Mountain Accord Final Report

Mountain Accord Final Report

Mountain Accord Final Report September 2016

Albion Basin_Little Cottonwood Canyon_Frank JensenSmall 2

Download a PDF of the Mountain Accord Final Report

In signing the Accord, we created a new context for longstanding,
contentious issues that have muddled decision-making for decades.

The Central Wasatch mountains are a special place located on the edge of a rapidly growing population. We hike, we bike, we ski and we discover wildlife and solitude in this beloved place—one of the world’s most spectacular backyards. But population growth, traffic, fragmented decision-making, and conflict threaten their future health and viability.

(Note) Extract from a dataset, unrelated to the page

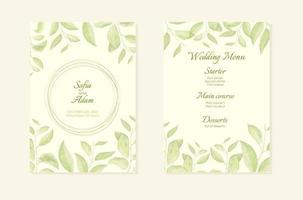 Herbal minimalistic vector frame. Hand painted branches on white background. Greenery wedding invitation. Watercolor style.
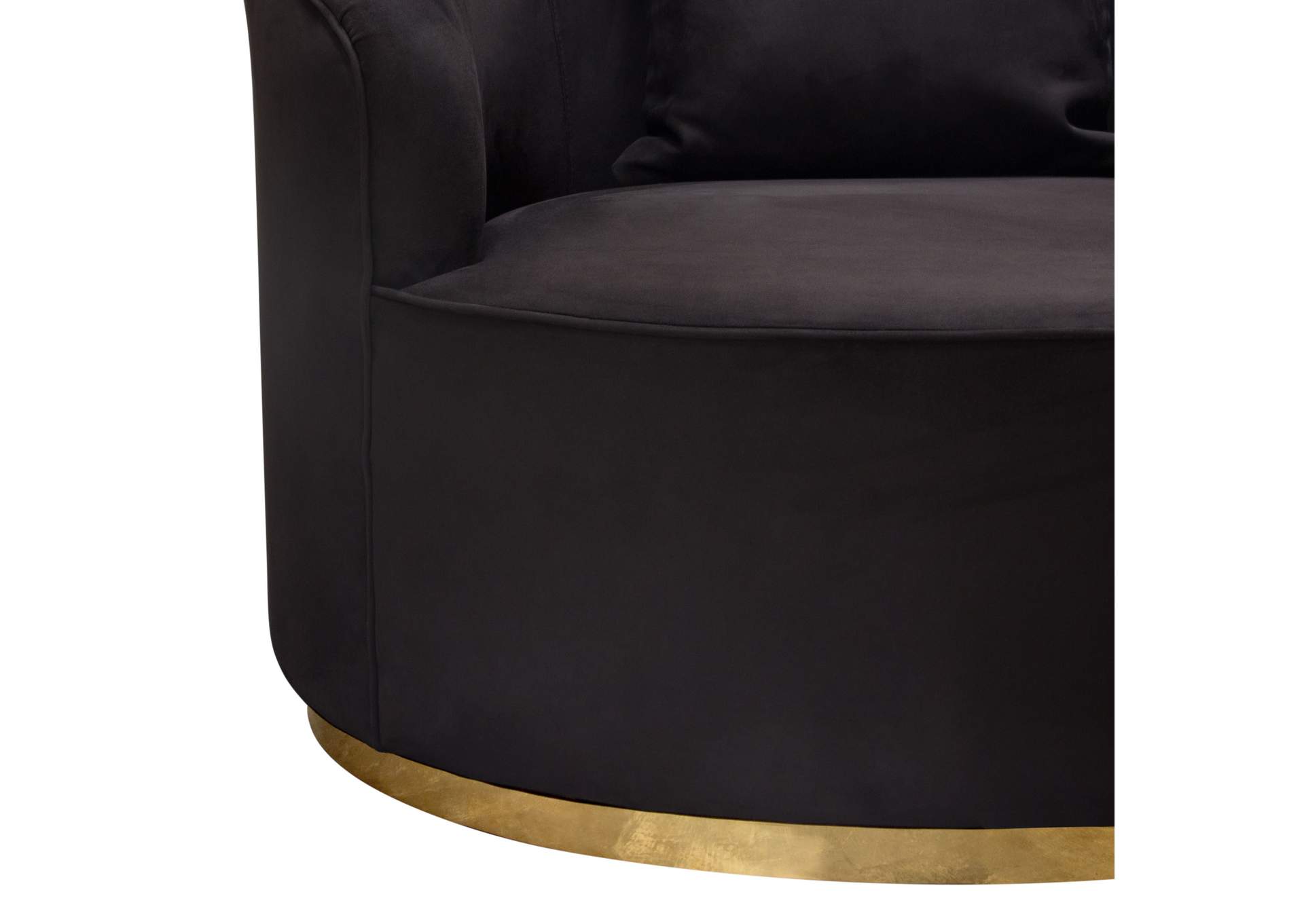 Raven Chair in Black Suede Velvet w/ Brushed Gold Accent Trim by Diamond Sofa,Diamond Sofa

The toughest issues often require novel thinking and an untested approach; and that is why we created a new model with Mountain Accord. We brought all the key stakeholders to the table for meaningful compromise and gave everyone an equal voice, including public and private interests. We broke the historic trend of fighting battles acre by acre in courtrooms and news headlines and conducting piecemeal studies. Instead we took a comprehensive look at environment, transportation, recreation, and economic needs.

As most pioneering methods are, this one was messy and frustrating at times. But, in the end, we achieved consensus on our desired future for this incredible resource. Crafting the Accord was a high-wire act, gaining consensus from many groups who had historically been at odds with each other. Our work was documented in the historic signing of the Accord on August 3, 2015. In doing so, we increased public awareness about the need to act now, and we created a new context for longstanding contentious issues that have muddled decision-making for decades.

The Accord set a framework that will guide decisions for generations to come, ensuring we can continue to enjoy the activities we value today, while preserving our watershed and natural environment well into the future. With a framework memorialized, there is strong dedication to implement the commitments in the Accord.

Success relies on the mutual commitment to continue working together. Our commonly-held love for the Central Wasatch mountains sustained our work to this point and our unifying desire to preserve them is what will see us through the next chapter.